When Katrina smashed destructively through his native New Orleans, the London Lions forward was on the road with his mother and three of his siblings, joining a motorcade speeding due north out of town, each car packed with people and whatever belongings could be grabbed in the quickest possible time.

“We made it out before it got really bad, before the levees broke,” the BBL rookie reveals. “My family’s big. I have nine aunts and two uncles and every body left. Some went to Texas, to different parts.

“My older sister and my nephews came with me, my brother and my other sister to Atlanta. It was just all new. We had to start again.”

It took months before the refugees from Louisiana settled properly. He was found a high school in Cobb County, just west of the ATL. New faces, new friends. Basketball was the only familiar reference.

“I tried out for the team. It was a whole new city that I’d never been to. I had almost nothing, just one little bag of clothes. I had to completely adjust.”

Hoops, at least, required little acclimatisation in the starting over. His mother Patricia kept the family together in their home from home, knowing that all they had known from before had been washed away by the torrent.

A year later, they went back. Their street had become a tip, their former home scattered to the winds.

“It was all gone,” Cook declares. “There was nothing we could recognise. It was all debris. And it was contaminated so you couldn’t even look through it. You didn’t want to fool with that stuff.

“We stayed for a little bit but then we went back to Atlanta. And I stayed there until I graduated high school when me and my Mom went back to New Orleans.”

The now-24-year-old spent two seasons in junior college in Oklahoma before returning back to where he had started, at the University of New Orleans. There, he led the Privateers in scoring for two seasons before the pros beckoned.

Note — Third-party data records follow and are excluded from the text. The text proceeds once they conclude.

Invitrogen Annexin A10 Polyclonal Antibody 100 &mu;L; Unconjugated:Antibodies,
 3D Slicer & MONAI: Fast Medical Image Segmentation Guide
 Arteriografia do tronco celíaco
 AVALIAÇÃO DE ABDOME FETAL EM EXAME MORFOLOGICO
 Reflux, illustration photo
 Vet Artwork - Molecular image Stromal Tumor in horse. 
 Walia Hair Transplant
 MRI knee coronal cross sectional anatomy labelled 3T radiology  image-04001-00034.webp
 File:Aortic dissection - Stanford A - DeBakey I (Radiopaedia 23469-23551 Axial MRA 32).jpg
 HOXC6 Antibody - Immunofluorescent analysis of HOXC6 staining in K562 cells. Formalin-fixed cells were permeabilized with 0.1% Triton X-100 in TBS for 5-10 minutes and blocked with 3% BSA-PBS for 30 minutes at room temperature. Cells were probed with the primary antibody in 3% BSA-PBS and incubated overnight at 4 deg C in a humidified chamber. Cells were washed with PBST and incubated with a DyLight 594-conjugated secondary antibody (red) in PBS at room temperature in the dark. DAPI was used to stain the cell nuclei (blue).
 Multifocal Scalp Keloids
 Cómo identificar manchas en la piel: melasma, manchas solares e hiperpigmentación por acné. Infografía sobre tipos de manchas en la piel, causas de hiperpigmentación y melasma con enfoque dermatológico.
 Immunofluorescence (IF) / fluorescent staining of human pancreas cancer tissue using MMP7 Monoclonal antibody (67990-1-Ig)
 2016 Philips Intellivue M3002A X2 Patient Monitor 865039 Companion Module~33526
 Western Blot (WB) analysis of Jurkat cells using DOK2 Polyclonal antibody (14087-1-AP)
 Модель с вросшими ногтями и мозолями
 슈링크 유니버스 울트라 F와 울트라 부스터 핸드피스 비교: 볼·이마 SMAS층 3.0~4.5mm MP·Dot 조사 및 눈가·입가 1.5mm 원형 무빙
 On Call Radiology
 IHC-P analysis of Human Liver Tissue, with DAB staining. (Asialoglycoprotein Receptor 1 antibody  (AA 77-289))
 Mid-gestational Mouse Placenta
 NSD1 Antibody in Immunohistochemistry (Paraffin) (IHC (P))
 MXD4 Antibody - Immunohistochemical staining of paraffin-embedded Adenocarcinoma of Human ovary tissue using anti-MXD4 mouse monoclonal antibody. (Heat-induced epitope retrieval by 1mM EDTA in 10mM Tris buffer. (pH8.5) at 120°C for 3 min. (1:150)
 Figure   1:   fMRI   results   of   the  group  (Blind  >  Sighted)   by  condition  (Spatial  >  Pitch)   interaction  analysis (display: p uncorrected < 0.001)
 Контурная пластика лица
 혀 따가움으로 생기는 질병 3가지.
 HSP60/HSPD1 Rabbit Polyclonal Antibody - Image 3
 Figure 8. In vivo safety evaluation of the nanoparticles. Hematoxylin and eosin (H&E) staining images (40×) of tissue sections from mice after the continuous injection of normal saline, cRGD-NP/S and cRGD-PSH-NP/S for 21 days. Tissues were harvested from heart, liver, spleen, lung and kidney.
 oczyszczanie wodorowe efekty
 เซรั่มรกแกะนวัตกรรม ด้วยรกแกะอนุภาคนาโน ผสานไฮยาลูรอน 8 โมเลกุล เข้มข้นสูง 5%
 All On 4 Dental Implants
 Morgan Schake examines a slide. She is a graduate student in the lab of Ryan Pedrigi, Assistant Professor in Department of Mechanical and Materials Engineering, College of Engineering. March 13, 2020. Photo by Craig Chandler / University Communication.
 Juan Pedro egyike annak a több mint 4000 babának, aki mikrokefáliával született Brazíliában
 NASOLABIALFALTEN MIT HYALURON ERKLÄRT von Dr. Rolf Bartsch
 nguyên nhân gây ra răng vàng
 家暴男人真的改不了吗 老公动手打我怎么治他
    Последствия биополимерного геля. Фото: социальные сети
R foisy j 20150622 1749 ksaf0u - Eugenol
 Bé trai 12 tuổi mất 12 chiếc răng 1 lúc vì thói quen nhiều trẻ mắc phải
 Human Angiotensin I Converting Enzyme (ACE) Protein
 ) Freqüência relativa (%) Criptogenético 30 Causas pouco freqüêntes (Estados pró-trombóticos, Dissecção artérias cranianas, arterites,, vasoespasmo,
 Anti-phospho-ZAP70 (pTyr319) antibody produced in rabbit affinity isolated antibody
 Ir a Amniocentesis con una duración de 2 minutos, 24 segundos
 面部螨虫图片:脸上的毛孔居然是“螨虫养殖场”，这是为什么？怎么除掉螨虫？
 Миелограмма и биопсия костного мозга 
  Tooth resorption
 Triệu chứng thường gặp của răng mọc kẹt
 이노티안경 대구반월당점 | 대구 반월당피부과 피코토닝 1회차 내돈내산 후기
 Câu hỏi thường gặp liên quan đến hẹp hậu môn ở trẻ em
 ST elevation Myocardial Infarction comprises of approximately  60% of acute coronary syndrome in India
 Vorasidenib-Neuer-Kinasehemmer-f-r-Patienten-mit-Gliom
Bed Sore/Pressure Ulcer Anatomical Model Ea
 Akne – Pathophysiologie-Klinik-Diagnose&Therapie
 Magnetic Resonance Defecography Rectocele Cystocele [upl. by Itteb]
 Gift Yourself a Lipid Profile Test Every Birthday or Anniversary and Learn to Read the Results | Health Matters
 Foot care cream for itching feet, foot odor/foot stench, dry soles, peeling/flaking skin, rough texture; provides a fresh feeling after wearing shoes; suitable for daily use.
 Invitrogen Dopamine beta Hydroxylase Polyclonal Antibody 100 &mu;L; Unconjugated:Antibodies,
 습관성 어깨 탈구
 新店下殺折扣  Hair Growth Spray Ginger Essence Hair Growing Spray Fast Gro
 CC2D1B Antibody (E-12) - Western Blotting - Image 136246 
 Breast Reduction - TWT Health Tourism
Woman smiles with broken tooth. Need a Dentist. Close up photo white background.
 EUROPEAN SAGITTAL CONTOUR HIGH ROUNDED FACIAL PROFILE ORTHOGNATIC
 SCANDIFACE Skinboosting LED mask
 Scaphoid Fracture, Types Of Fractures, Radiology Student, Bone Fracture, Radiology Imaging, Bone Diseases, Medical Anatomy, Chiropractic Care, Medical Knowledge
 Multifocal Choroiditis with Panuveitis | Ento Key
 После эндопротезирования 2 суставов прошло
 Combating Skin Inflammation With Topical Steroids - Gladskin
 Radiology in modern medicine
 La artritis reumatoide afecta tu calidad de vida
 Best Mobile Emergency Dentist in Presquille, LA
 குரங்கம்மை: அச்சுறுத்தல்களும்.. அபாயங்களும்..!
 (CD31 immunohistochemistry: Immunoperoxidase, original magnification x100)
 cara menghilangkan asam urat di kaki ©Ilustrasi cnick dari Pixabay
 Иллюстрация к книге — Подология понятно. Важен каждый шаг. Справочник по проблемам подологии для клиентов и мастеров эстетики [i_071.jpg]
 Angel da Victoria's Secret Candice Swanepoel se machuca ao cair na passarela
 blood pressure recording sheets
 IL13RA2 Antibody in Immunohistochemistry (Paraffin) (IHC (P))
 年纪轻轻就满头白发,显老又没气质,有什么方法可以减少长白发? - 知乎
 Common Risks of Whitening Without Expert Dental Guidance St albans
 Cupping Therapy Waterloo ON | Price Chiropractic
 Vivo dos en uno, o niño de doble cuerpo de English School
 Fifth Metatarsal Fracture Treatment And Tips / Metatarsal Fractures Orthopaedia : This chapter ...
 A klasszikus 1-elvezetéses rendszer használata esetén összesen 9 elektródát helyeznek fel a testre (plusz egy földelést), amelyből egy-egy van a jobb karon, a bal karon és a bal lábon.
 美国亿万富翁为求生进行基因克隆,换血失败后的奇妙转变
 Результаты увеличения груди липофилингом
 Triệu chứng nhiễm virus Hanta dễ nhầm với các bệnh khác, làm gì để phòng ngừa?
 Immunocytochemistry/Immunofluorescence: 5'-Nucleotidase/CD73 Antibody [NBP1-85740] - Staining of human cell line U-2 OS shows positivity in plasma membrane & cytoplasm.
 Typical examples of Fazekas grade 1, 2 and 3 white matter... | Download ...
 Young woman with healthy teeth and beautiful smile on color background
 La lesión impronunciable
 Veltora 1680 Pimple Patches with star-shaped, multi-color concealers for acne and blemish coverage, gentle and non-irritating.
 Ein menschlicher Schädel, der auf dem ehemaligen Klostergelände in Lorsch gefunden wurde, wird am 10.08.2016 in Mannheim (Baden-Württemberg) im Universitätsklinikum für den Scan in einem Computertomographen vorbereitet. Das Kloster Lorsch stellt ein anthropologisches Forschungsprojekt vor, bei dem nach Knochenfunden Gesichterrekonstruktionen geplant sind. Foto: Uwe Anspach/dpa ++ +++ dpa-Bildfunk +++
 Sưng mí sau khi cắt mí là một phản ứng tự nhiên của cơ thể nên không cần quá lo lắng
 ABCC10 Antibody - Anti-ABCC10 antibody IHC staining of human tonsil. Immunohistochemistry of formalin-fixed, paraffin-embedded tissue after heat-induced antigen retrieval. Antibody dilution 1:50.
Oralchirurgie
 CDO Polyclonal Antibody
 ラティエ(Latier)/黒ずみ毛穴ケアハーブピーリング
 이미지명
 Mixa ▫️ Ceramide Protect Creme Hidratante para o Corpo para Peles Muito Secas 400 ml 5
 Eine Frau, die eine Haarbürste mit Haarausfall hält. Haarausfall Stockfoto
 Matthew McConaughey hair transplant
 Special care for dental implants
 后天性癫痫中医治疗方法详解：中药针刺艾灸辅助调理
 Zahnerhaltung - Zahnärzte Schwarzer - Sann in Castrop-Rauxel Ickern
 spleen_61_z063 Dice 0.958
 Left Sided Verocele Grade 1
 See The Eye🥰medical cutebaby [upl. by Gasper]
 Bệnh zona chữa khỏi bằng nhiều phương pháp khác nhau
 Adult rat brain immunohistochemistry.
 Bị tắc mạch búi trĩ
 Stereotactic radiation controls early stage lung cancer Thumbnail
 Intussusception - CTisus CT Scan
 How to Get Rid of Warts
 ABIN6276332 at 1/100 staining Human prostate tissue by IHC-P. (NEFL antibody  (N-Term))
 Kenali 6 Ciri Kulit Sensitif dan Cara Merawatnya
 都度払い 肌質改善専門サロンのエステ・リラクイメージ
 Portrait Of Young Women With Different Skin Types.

What followed was a barren year. With no job offers turning into contracts, Cook ventured to Canada to stay with a friend who had landed a coaching job, volunteering his services. A couple of workouts came up but no deals were done. By mid-winter, he was already planning ahead, to a recruitment process that would eventually see him catch the attention of Lions head coach Vince Macaulay at a combine in Las Vegas.

“I’d call this my rookie season,” he smiles. Despite issues in getting international clearance that delayed his London debut, he has started promisingly in the BBL, scoring 25 points in Sunday’s loss to Newcastle.

Chemistry has yet to arrival in the Lions’ multi-dimensional cast. The wheels of bonding have been put in motion, he says. “We did a couple of team activities together. Drew (Sullivan) took us to do ju jitsu and we enjoyed it. I think we’re clicking.”

It will be intriguing to watch, with ample talent but obvious overlap between the capabilities of Macaulay’s recruits.

How many balls, you wonder, will this team require?

“One would be perfect,” Cook laughs. Plus for it to flow back and forth. Having sailed across the ocean, he is eager to be the one blowing up a storm.

BBL Notes

– The BBL took a gamble last season when they moved to an online broadcast service and there was another one of the bumps in the road on Sunday when their scheduled clash between London and Newcastle was a no-show for a long spell.

I was at the Copper Box pre-game and all was set up by the team there. It did not appear, explained the league, because their US-based technology providers failed to take account of the hour change in time difference.

There was vitriolic reaction on social media, and rightly so. You pay, you expect the service. But fans need to cut the BBL a little slack (and I must declare an interest in occasionally commentating on the broadcasts). It is a low-cost but high-value offering that beats having no coverage at all. And I’m told consideration is being given to extra games to try and fuel the demand.

– You’d think having a former NBA player enter the BBL would be a big deal, right? As of Tuesday, we’ve had no official release that Cheshire Phoenix has signed one-time Denver Nugget Julius Hodge, following our breaking of the story last week. It even took the Nix – who are also finalising terms with Virgin Islander Lester Prosper – until Tuesday to retrospectively ‘announce’ his signing on their own website.

This should have been big news, underlining again that teams and the league need to vastly raise their game in generating some noise.